Cumulus Media has asked the U.S. Bankruptcy Court for the Southern District of New York to extend the exclusivity period by four months. The company filed a voluntary petition for relief under Chapter 11 reorganization on November 29, 2017 and an extension would extend the proceeding into September. In its filing, Cumulus said it had made "significant progress" on an expedited timeline in obtaining financing to "stabilize and continue" operations during the ordinary course of business. "Nevertheless," Cumulus said, "significant work remains to be done."

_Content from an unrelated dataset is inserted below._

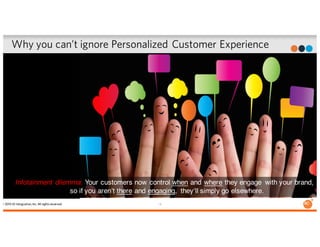 14© 2015 IO Integration,Inc.All rights reserved.
Why you can’t ignore Personalized Customer Experience
Infotainment dilemm...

Cumulus maintained in the filing that it needs to "maintain the exclusive right to file a chapter 11 plan and solicit votes thereon to achieve their remaining objectives as efficiently and expeditiously as possible. In contrast, allowing the exclusivity periods to expire would introduce unnecessary uncertainty and confusion into the Chapter 11 cases and will impose substantial additional costs on the Debtors' estates."

In November, Cumulus Media entered into a Restructuring Support Agreement (RSA) with certain of its secured lenders, among others, holding approximately 69% of the company's term loan to reduce its debt by more than $1 billion before it filed with the court. The extension would give the company up to 120 days to convince other stakeholders to join its plan -- free from competing proposals.

Without an extension, the Cumulus' exclusive 120-day period to file a plan expires March 29 and the 180-day period to solicit acceptances or rejections would end May 28. The filing seeks new deadlines, extended to July 26 and September 24, respectively. A hearing to consider the matter has been set for March 21.